More worrying currently for banks in the US is the Financial Reform Bill, and in particular the dreaded Section 716, which originally proposed that banks wanting FDIC insurance or using the Fed’s discount window should spin off their derivatives units into affiliates separate from the bank holding company.
The UK adopted the G20’s September bonus proposals enthusiastically, prompting then City minister Lord Myners to claim in November that the UK was at the cutting edge of the G20 and the EU in terms of bonus reform.
Specifically, the UK Financial Services Authority requires that 40-60 per cent of bonuses for people earning more than 1m or in ‘significant influence functions’ are deferred over three years, and that 50 per cent is paid in shares or share-based instruments.
Multi-year guarantees are also outlawed, except in contracts negotiated before March 2009.
The UK’s 50 per cent bonus tax elapsed in April 2010, having raised 2.5bn. It is being replaced by a levy on banks’ balance sheets, which is expected to hit larger firms like HSBC and Barclays hardest, and to raise 2bn. The levy is considered relatively lenient given early expectations that it would be designed to raise up to 5bn.
The European Union
At present, there are no EU restrictions on bonuses, but this could change. Earlier this month, the European Union’s Economic and Monetary Affairs Committee voted in favour of new rules, including capping directors’ salaries at €500k, preventing directors from receiving bonuses until taxpayer funds have been repaid, limiting cash bonuses to 6 per cent of the total bonus, deferring at least 40 per cent of any bonus for five years, and capping bonuses at 50 per cent of pay.
The measures are expected to be watered down by the European Commission, but there is plenty of support for them in the European Parliament, so the issue may resurface.
The European Union is also expected to propose a transaction, or ‘Tobin’ tax at this week’s G20 meeting. French President Nicolas Sarkozy has indicated that he and German Chancellor Angela Merkel are prepared to implement it unilaterally.
Last week, the German Bundestag approved a law allowing the German banking regulator, BaFin, to reduce or deny bonuses at banks or insurance companies in financial difficulties. Angela Merkel backs a transaction tax with Sarkozy.
Following last September’s G20 meeting, the Federation Bancaire Francaise agreed to: ban guaranteed bonuses lasting more than one year; defer at least 50 per cent of bonuses (and 60 per cent for the highest bonuses) for at least two years on average; and introduce clawbacks.
The French government also introduced a one off tax of 50 per cent on 2009 bonuses above €27.5k. However, this was a one-off and there has been no talk of repeating it.
President Sarkozy has been one of the main exponents of a transaction tax.
Italy has introduced an additional 10 per cent on personal income tax levied on all bonuses exceeding three times basic salary. This is immediately effective for compensation paid from 31 May 2010.
Not long ago, Swiss banks were faced with the scary-ish prospect of all bonuses above $1.9m being non-tax deductible. However, this now appears to have been quietly shelved.

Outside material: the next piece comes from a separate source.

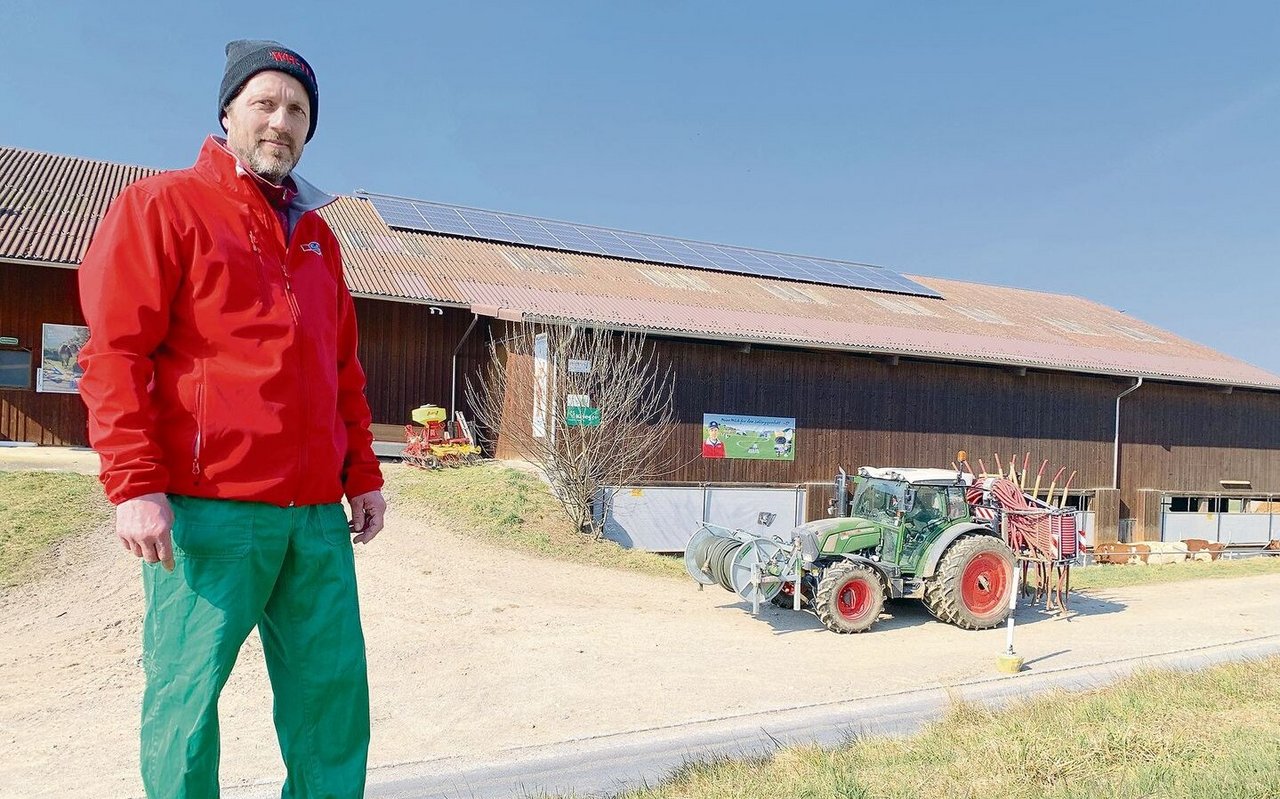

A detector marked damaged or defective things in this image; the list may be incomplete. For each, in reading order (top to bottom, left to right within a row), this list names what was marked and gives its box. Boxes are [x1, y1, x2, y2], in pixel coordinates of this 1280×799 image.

In the meantime, Swiss bankers have more pressing issues to worry about. Reforms currently being negotiated in the Swiss parliament will require banks to hold twice as much capital according to UBS, a measure that could clearly impact productivity.
Dutch banks adopted a new voluntary code of conduct in September last year, which included capping bonuses at 100 per cent of salary and limiting redundancy pay to one year’s salary. The Dutch finance ministry has held up the code as an example to the rest of the world.
In April last year, the Dubai Financial Services Authority said it had no plans to regulate salaries or bonus payments for the “foreseeable future.”